▸ Exercise instructions
Entries below include pictures. Output exactly the lines from the one with "That's why I" down to the one with "The first step", both ends included, and leave the pictures out.

▸ Records supplied
▼▼▼
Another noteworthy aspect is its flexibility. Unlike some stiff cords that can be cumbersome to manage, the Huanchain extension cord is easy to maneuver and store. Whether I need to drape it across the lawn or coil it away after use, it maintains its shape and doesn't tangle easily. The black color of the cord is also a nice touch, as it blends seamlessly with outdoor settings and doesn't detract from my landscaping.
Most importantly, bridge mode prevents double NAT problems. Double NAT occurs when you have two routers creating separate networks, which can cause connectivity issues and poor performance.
▲▲▲
▼▼▼
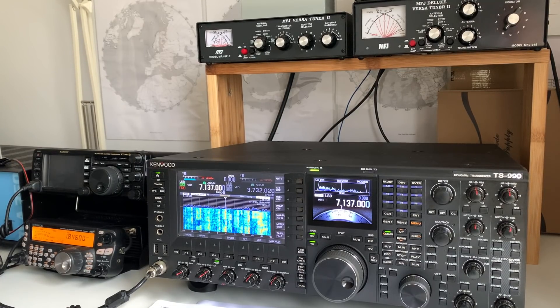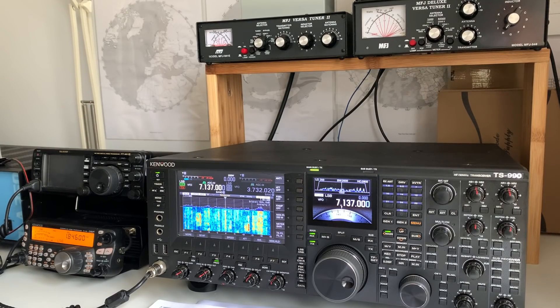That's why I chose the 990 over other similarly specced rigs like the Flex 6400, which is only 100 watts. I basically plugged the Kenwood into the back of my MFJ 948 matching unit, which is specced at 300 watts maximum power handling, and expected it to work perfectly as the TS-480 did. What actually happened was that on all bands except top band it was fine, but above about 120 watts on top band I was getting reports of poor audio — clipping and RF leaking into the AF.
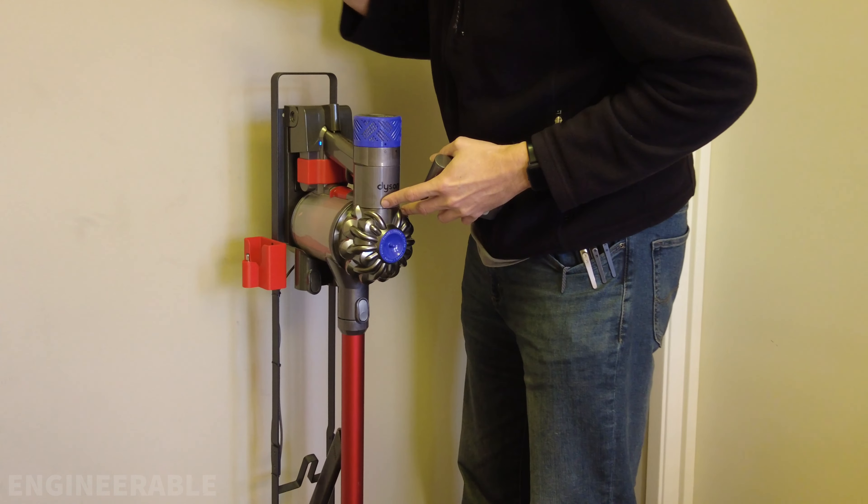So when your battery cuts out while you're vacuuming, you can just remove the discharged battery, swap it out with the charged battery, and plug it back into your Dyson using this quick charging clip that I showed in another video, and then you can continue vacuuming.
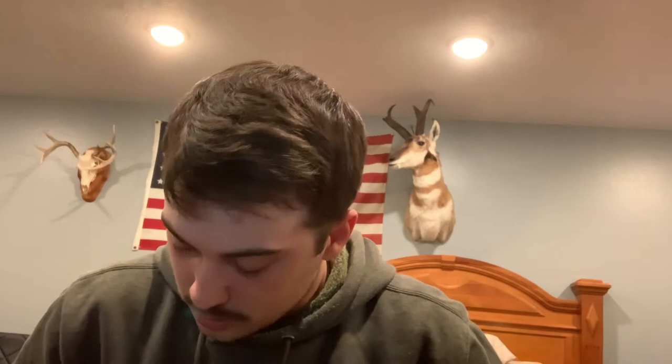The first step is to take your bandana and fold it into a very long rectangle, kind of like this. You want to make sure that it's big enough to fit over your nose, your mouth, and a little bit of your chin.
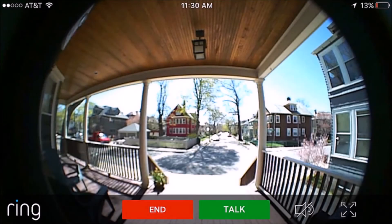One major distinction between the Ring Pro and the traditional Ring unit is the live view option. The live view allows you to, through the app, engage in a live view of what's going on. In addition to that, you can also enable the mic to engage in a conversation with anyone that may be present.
▲▲▲
▼▼▼
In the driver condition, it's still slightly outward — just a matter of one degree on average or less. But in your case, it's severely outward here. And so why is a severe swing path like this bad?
▲▲▲
▸ Task response
That's why I chose the 990 over other similarly specced rigs like the Flex 6400, which is only 100 watts. I basically plugged the Kenwood into the back of my MFJ 948 matching unit, which is specced at 300 watts maximum power handling, and expected it to work perfectly as the TS-480 did. What actually happened was that on all bands except top band it was fine, but above about 120 watts on top band I was getting reports of poor audio — clipping and RF leaking into the AF.
So when your battery cuts out while you're vacuuming, you can just remove the discharged battery, swap it out with the charged battery, and plug it back into your Dyson using this quick charging clip that I showed in another video, and then you can continue vacuuming.
The first step is to take your bandana and fold it into a very long rectangle, kind of like this. You want to make sure that it's big enough to fit over your nose, your mouth, and a little bit of your chin.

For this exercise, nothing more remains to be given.